When USA Today, the flagship paper of the Gannett chain, dropped Gallup as its pollster last month, there was considerable speculation that the divorce was not exactly a mutual decision, as we see HERE:
If USA Today pulled the plug because it was dissatisfied with Gallup’s polling, then the paper made a wise move. Even though Obama comfortably won reelection by 4 points, Gallup’s final poll showed Romney ahead by 1 point and consistently found Romney winning by a wider margin—as much as 7 points—over the final few weeks of the campaign. The final USA Today/Gallup swing state poll was off by a similar margin, finding a tied race even though Obama easily won 11 of Gallup’s 12 swing states by a combined 4 points. It is worth noting that no other live interview survey contacting cell phones found Romney ahead heading into Election Day. And Gallup’s 2012 failures were not anomalous. Heading into the 2010 midterms, Gallup showed Republicans leading the generic congressional ballot by a staggering 15-point margin, far greater than their eventual 6-point victory. In 2008, Gallup found Obama winning by 11 points, again missing Obama’s 7-point victory by 4 points. In comparison, Pew Research survey struck within one percentage point of the final outcome in the same three elections.
Considering the last line of that excerpt, THIS NEWS should come as no surprise:
USA TODAY is proud to announce a new collaboration with the Pew Research Center to survey public opinion on the biggest issues facing the nation.
The new USA TODAY/Pew Research Center Poll will debut this week with a look at Americans’ attitudes toward the agenda facing Congress and the priorities outlined by President Obama in his State of the Union address.
“We are excited to announce our new collaboration with Pew Research Center. USA TODAY uses polling to stay in touch with Americans’ views and spark a national conversation about our country’s challenges and the best course forward to meet them. We think it’s important to recognize and explore the diversity of public opinion in the United States,” said Dave Callaway , editor-in-chief of USA TODAY.

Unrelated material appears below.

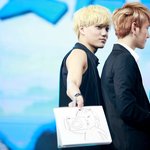 [EXO] 김종인이 그린 <b>팬들</b>의 얼굴
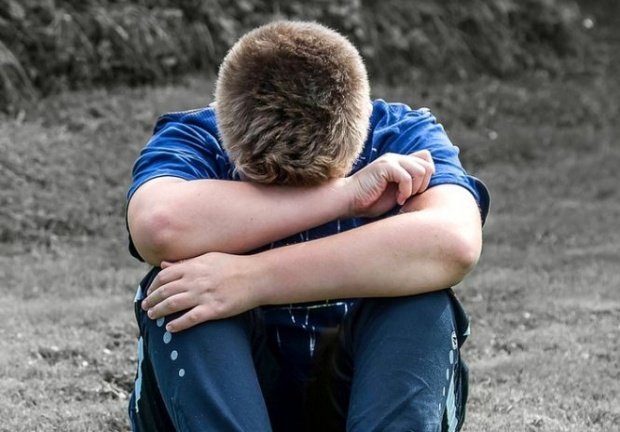 Caz incredibil la Vaslui. Un băiat de 11 ani este cercetat de poliţişti după ce a fost acuzat că a violat un copil cu trei ani mai mic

“Our new survey with USA TODAY will provide a great opportunity to better understand what the American public thinks about the key political and policy issues of the day,” said Alan Murray , president of the Pew Research Center. “We look forward to working with USA TODAY’s journalists on this new collaboration, which will add to our growing research agenda on the trends shaping America and the world.”
The series of surveys will continue a long tradition at USA TODAY of using national polling to explore the mood of Americans, their assessment of top concerns in their lives and the policies and solutions they support.
Pew Research Center is a nonpartisan fact tank that informs the public about the issues, attitudes and trends shaping America and the world. It conducts public opinion polling, demographic research, media content analysis and other empirical social science research. Pew Research does not take policy positions. It is a subsidiary of The Pew Charitable Trusts.